The event specifically took place in the Lahman Room, the space being filled with round tables covered with black cloth and a golden banner. Their surfaces were adorned with vases of roses and lilies that came in red and white and tiny chalkboards with the names of famous African locations, such as Serengeti Park and Banana Island, written on them. More tables had to be set up when a larger amount of people attended than expected. African music played gently from the speakers as people got settled before the event.

Many of these people came to the VIA to sample some African cuisine, and they certainly got the chance to do so. Flavorful chicken was served along with Kenyan casserole, a type of stew with beef and potatoes. There were also sambusas, fried pastries that were filled with either beef or lentils. Another food served was jollof, a rice-based dish popular in many west African countries. The rice is mixed with tomato paste and spices to create a zesty meal. “It was just such a different flavor than I’ve ever had before,” said Gabby Hochstetler, first-year, about jollof. “I was trying to figure out what seasonings were in it and it was really cool to figure that out.”

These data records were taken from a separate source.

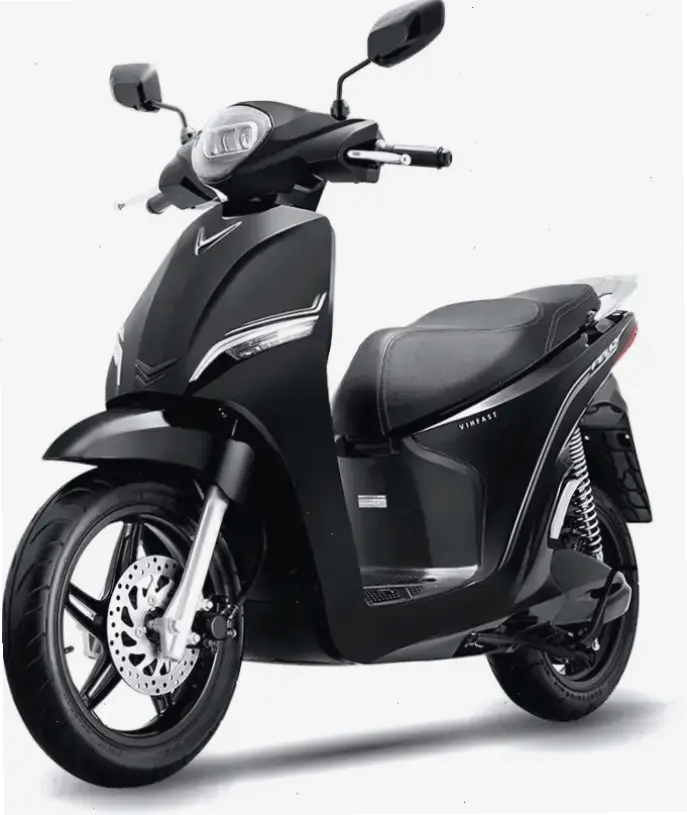 Khám phá VinFast Feliz Electric Scooter 2025: Sự kết hợp hoàn hảo giữa công nghệ tiên tiến và di chuyển xanh, lý tưởng cho đô thị hiện đại!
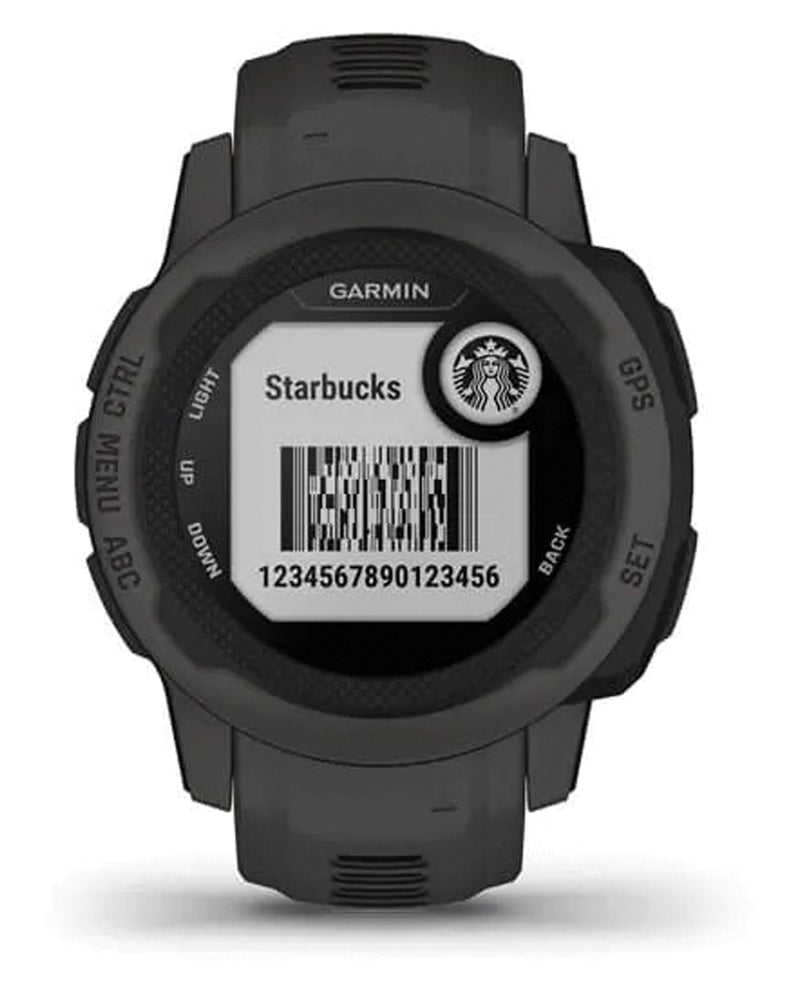Load image into Gallery viewer, GARMIN-WTCH0230
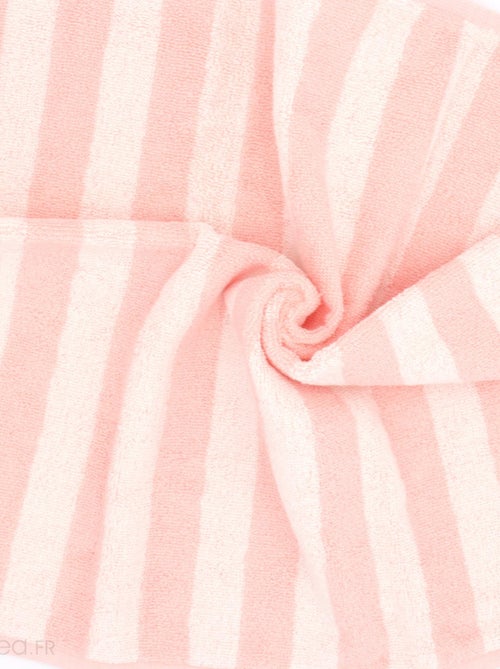 Tablier de cuisine matière éponge coton PAT II - Kiabi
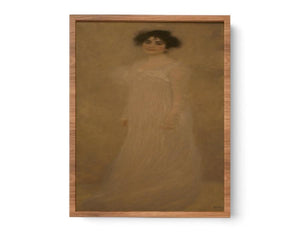 Portrait Of Serena Lederer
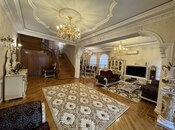 Satılır 8 otaqlı həyət evi/bağ evi 650 m², Nəsimi m., photo 3 from 8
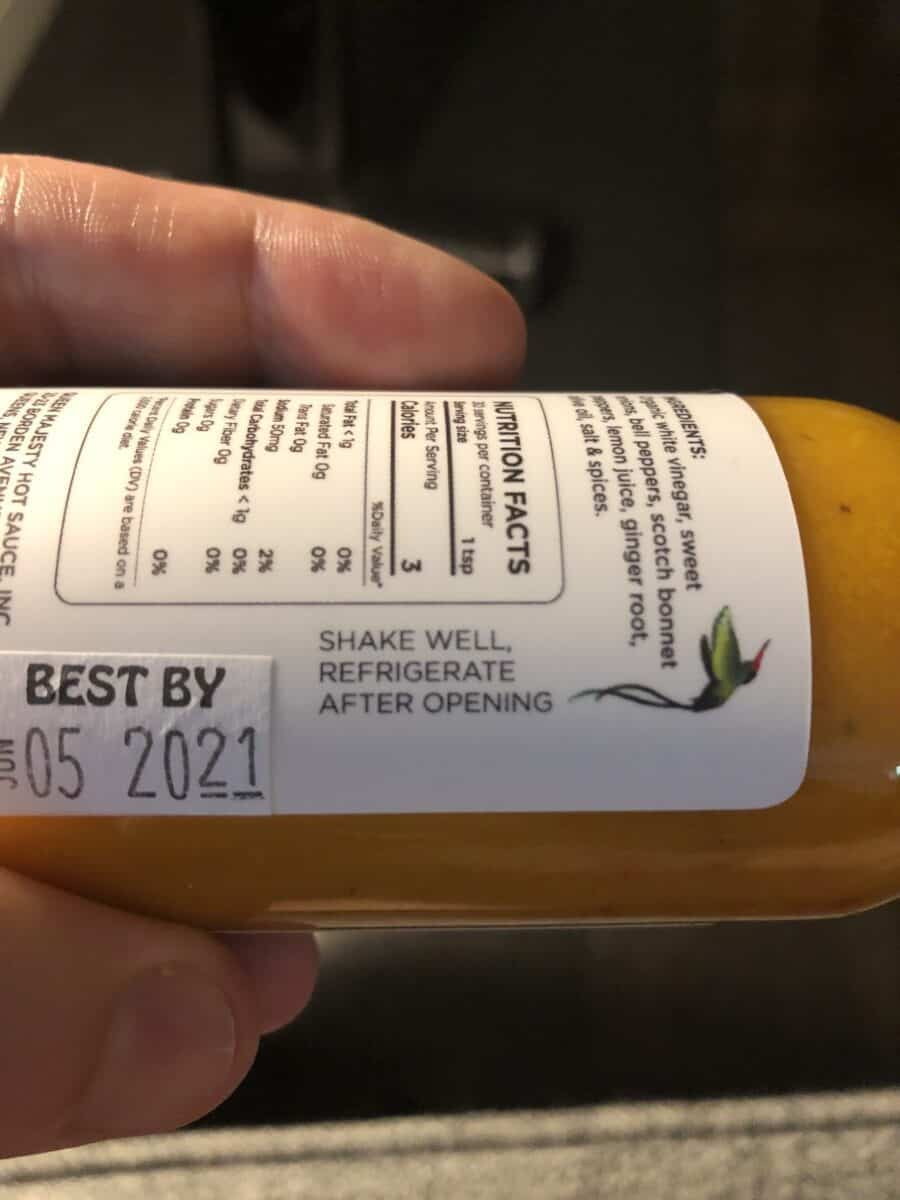 Does Hot Sauce Go Bad? How Long Does Hot Sauce Last? The Spicy Trio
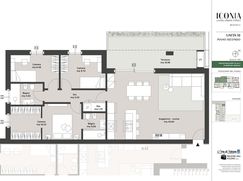 Appartamento in Residenziale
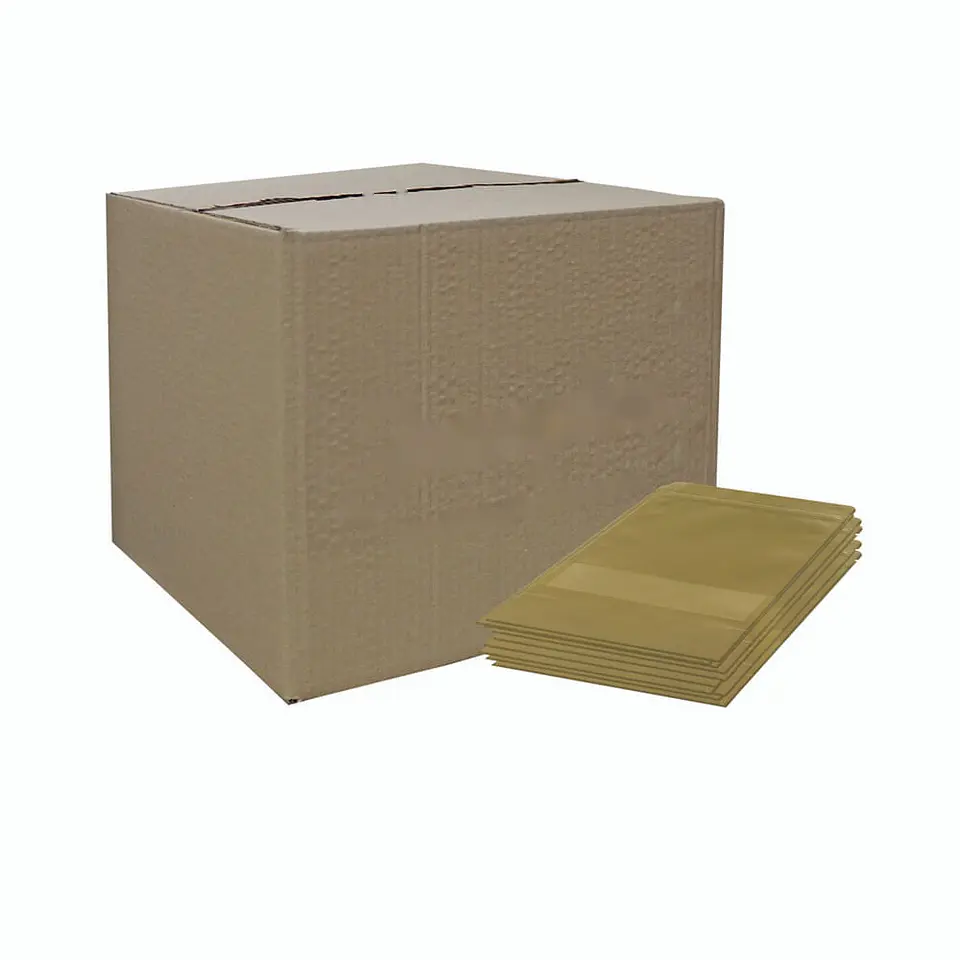 BOLSA CAFE PAP/PVC VENT/ZIP 09x14+3 (50) => 10 Unidad/es 3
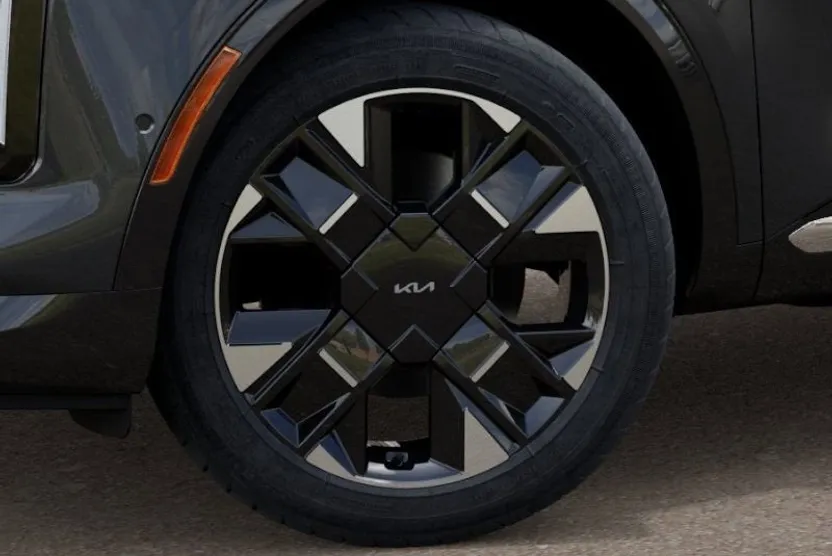 2026 Kia Sportage Hybrid photo 1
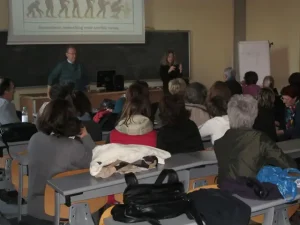 Evento - Incontriamoci al Foro Italico 2012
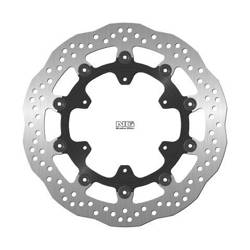 NG Brake disc  FLOATING front KTM SMC 690 18-19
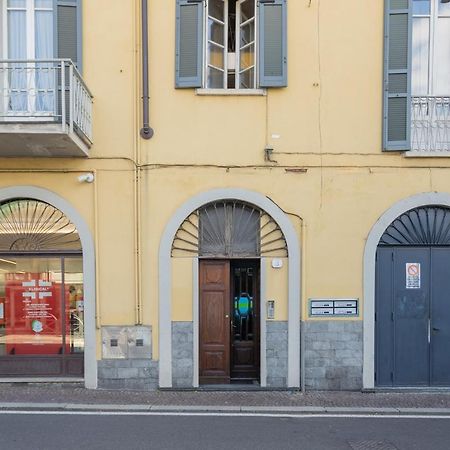 Sant'Agostino Apartments By Rent All Como Buitenkant foto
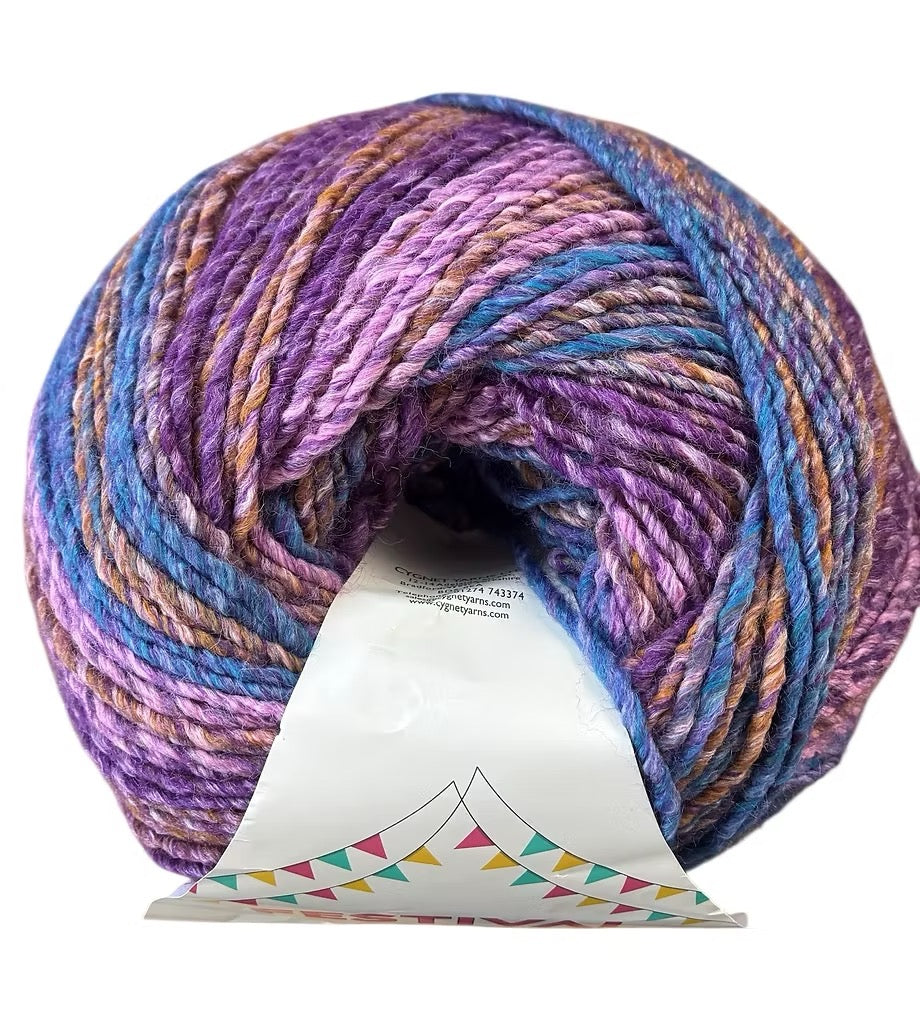 Cygnet Festival Aran 1x 200G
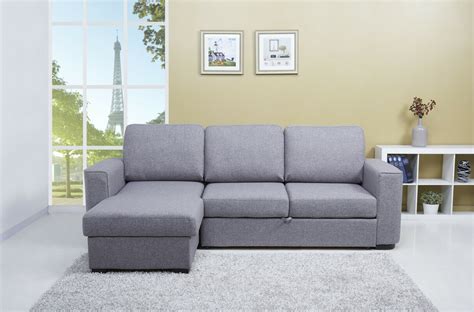 Leader Lifestyle Ronny Corner Sofa Bed & Reviews | Wayfair.co.uk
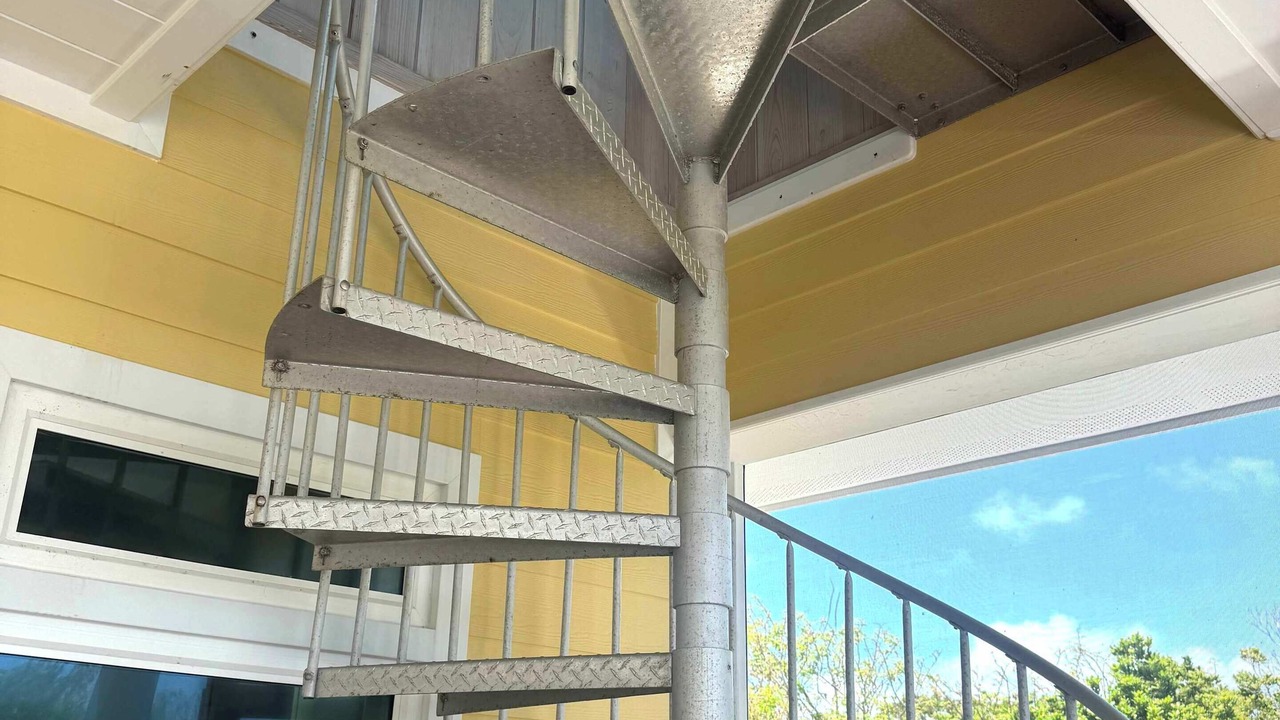 Photo of Outdoor in Lubbers Quarters Cay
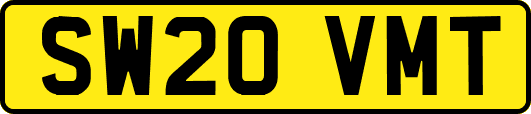 SW20VMT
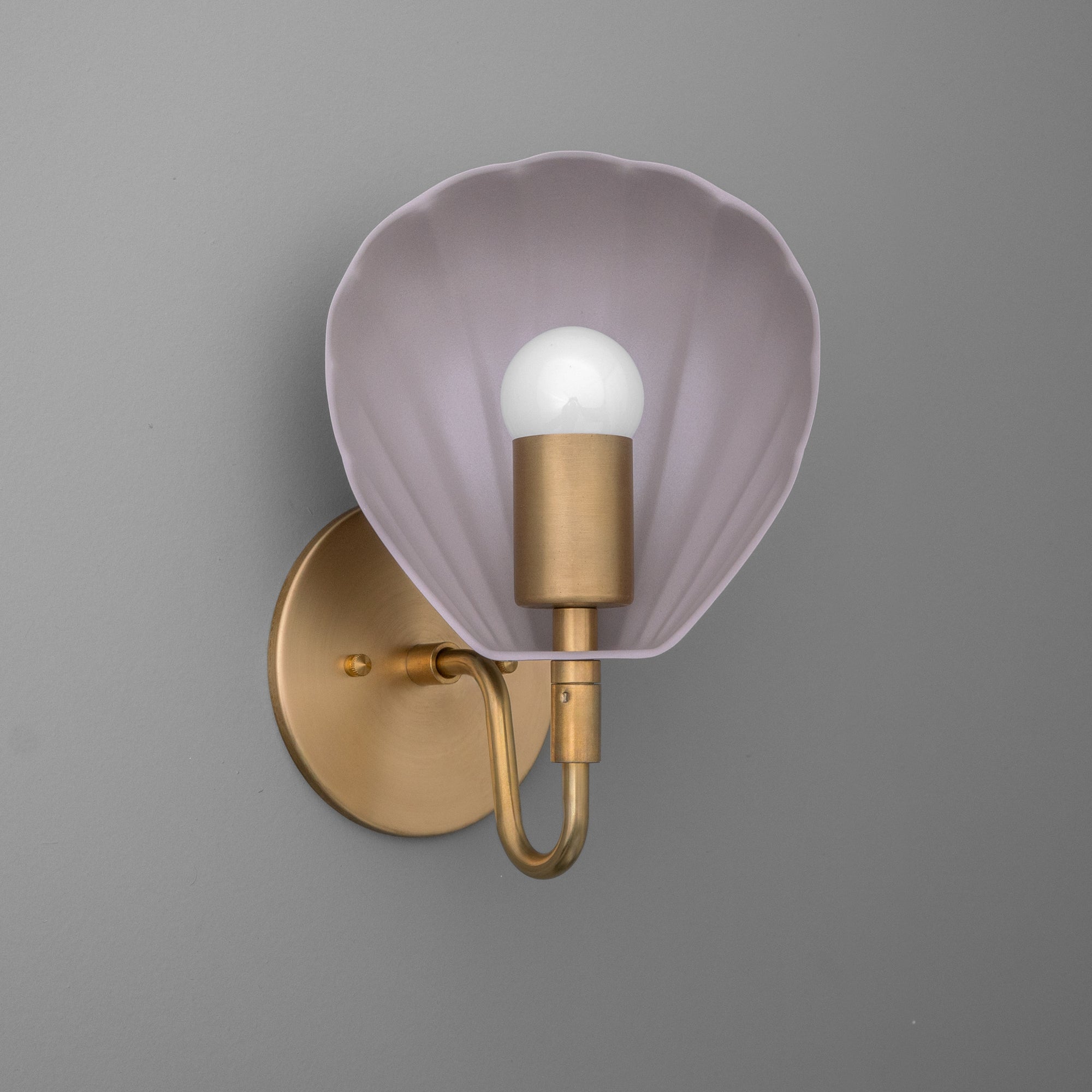 SCONCE MODEL NO. 1086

A unique meal was not the only thing on the event’s schedule. The evening started out with a brief speech from pastor Edward Robertson, originally from northern Liberia, who spoke about several important characteristics of African culture, such being group-oriented and hard-working. Next came a game of trivia, where three volunteers were asked questions about Africa. From this contest, the audience learned several facts about Africa, such as there being 54 African countries and that South Sudan was the most newly formed of those countries. “The trivia was a nice way to teach us some facts we might not have already known,” said Madeline Hanks, first-year.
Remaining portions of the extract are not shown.